In what many consider to be a very progressive move, Health Canada is reported to be near launching a nation-wide trial where drug users get prescribed heroin. Chris Mackie, the medical officer of health in London, ON, just met with Canada’s health minister, Dr Jane Philpott, last week. He is quoted by CBC News that:
“There is evidence that injectable heroin works, and that it works better than other opioid maintenance therapy, and it should be more widely prescribed than it is now.”
Dr Philpott had said earlier that pharmaceutical heroin is a life saver. Similar trials in both Vancouver and Montreal found that prescribing heroin to addicts results in a decreased use of street drugs, less crime to pay for the illegal drugs and a reduction in HIV and hepatitis from addicts using dirty needles.
In one of my earlier HuffPost Canada blogs, I talked about the experiences of Portugal which was the first country to decriminalize drug use and they now have the lowest overdose deaths in all of Europe.
Sadly, the progressive nature of this move is offset by the very regressive government policy on legitimate opioid use by patients in pain who are prescribed it by their doctors. The McMaster University Guidelines on the use of opioids for non-cancer pain was funded by both the Canadian Institute of Health Research and Health Canada who will also fund the heroin trials.
I’ve written a number of blogs here on the stupidity of these guidelines as have others like Roy Green on his syndicated talk show. A number of pain specialists have spoken out against these guidelines on his show and been quoted by me. The criticisms deal with the fact that patients who have been prescribed high doses of opioids for years and are doing well, are suddenly finding themselves being cut off by their doctors or their doses severely restricted. Some are now going to street dealers and others are planning suicide if they cannot get the relief they have had for years.
In what looks like an attempt at damage control, McMaster just did a lengthy webinartrying to explain themselves. The editor of the Guidelines is Dr Jason Busse who is described on the guidelines as an associate professor in the Department of Anesthesia. He is not, however, a medical doctor but a chiropractor which is how he is described in the webinar.
Chiropractors cannot prescribe any medication and, frankly, I would have been far more comfortable if an actual MD who treats chronic pain patients chaired the group and it was composed mostly of those experts. This was a bit like having a naturopath chair a guideline committee for best practices in cancer care.
He does admit in the webinar that they are now starting to hear anecdotal stories that aggressive reductions are being forced on patients by their over zealous doctors and there is the potential to cause more harm as a result. He ended his talk by saying that there is a real danger of reducing opioids for those who are getting relief and that they do not want to put patients in a worse position when the drugs they take are giving them important relief.
But what did he or the others expect when they put out these guidelines?
The guidelines have taken the figure of 90 mg of morphine equivalent (MME) as a standard that should not be exceeded without good reason but he admits that 40 per cent of those who are getting opioids are at doses over 200 MME and that the median dose (50 per cent above and below) is 180. And he then states that reducing these high numbers will result in increased pain, reduced functioning and a mistrust by the patient in the doctor/patient relationship.
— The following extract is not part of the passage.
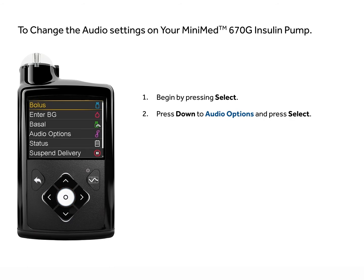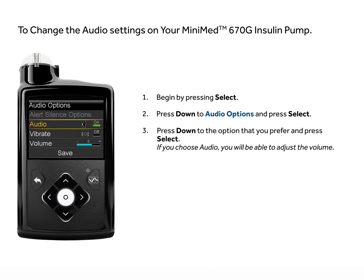Press down to Audio Options and press Select. Press down to the option you prefer and press Select.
Recommendation 9 in the guide suggests that for those patients on more than 90MME, the doctor start to lower the dose but then admits that “Some patients are likely to experience significant increase in pain or decrease in function that persists for more than one month after a small dose reduction; tapering may be paused and potentially abandoned in such patients.” So, if the patient is doing well on whatever dose they are on, why mess with it?
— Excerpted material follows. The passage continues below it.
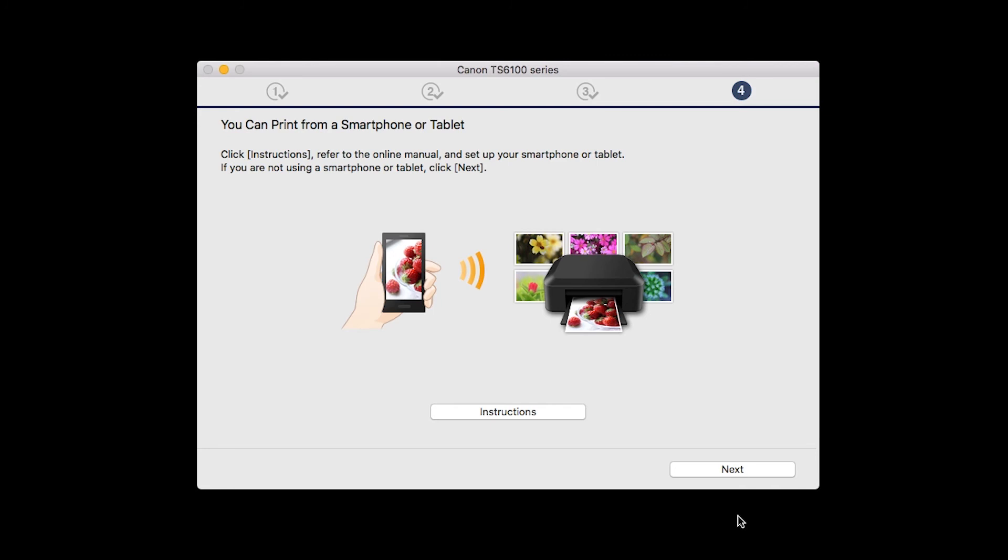On this screen, you can get instructions on how to set up a mobile device, such as a smartphone or tablet. Click Next.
Then we have recommendation 10 that suggests that for those on the higher doses who do experience difficulty when their dose is reduced, doctors divert them from their prescriptions to multi-disciplinary programs like physiotherapy, occupational therapy, a chiropractor, a psychiatrist, etc. Note that as a chiropractor he suggests they can be helpful.
This is a strong recommendation meaning that there is a lot of evidence that it will be successful but he admits that in most areas, these programs are not even available, have long wait lists and can be expensive because they are not covered.
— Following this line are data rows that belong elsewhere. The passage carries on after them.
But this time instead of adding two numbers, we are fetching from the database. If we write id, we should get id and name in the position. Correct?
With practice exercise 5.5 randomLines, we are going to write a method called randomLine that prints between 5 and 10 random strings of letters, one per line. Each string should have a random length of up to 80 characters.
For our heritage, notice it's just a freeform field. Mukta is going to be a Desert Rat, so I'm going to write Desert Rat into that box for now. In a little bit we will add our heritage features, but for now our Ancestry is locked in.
Again, why mess with something that isn’t broken?
He does say that the intent of developing guidelines is to reduce the risk to people from an excessive use of opioids but this has to be done without increasing the problems for those who are on high doses. And that is exactly what they have done. Busse even says that the medical evidence is not enough to make these decisions. They also put a high value on patient values and preferences. Patients, he said, value pain reduction much more highly than they do potential side effects.
The argument by some that opioid prescriptions is leading to more drugs on the street he dispelled by saying that only about five per cent of legitimate prescriptions gets diverted. And, as for the long term negative effects of being on opioids, he admits that they do not have valid studies (randomized control trials) that go longer than a year.
But, the unintended consequences of this guideline production is to make many people who were doing well on high doses of opioids for years, fear what their doctors may do and are doing. So, if we can give heroin to illegal drug users to help them, why can we not give opioids to those who need them and get them from their doctors?